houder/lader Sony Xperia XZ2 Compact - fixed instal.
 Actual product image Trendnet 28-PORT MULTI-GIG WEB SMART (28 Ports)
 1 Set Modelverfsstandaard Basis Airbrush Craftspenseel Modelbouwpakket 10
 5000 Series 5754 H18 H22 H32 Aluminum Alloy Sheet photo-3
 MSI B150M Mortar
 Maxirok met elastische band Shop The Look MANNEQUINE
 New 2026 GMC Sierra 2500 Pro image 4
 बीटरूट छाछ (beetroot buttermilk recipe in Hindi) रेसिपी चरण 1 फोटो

•••••

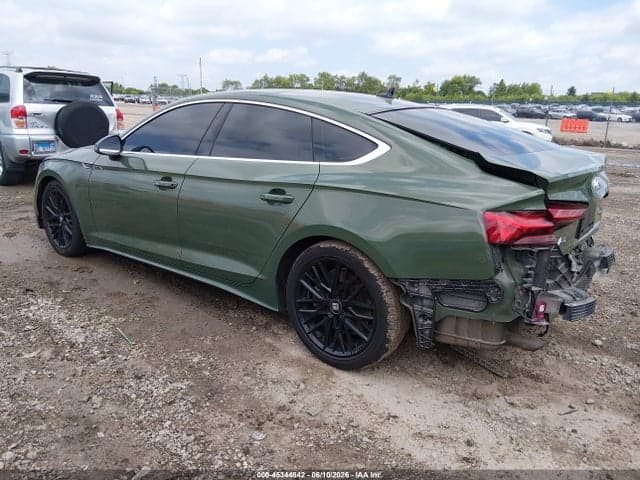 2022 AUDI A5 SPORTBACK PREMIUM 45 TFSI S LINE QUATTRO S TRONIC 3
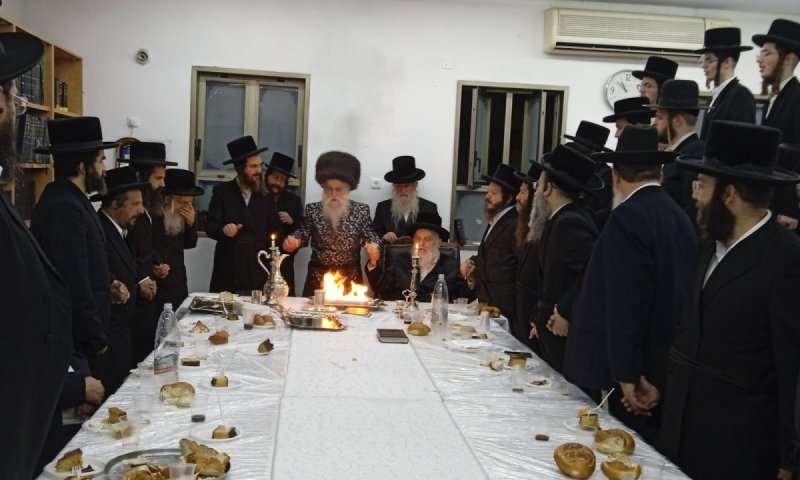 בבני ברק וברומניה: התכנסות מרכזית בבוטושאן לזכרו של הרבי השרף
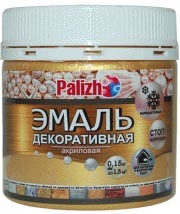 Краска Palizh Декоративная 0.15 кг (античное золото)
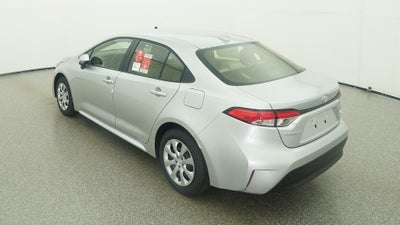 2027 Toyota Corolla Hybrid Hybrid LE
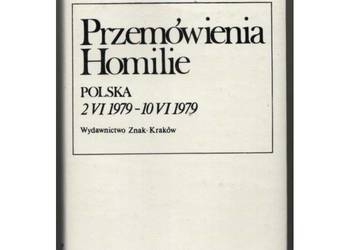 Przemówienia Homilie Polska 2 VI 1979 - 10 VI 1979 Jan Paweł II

•••••

**Problem**
The material above holds pictures; leave them out. Repeat exactly the lines from the one containing "בבני ברק וברומניה: התכנסות" through the one containing "Przemówienia Homilie Polska", and nothing else.

**Task solution**
 בבני ברק וברומניה: התכנסות מרכזית בבוטושאן לזכרו של הרבי השרף
 Краска Palizh Декоративная 0.15 кг (античное золото)
 2027 Toyota Corolla Hybrid Hybrid LE
 Przemówienia Homilie Polska 2 VI 1979 - 10 VI 1979 Jan Paweł II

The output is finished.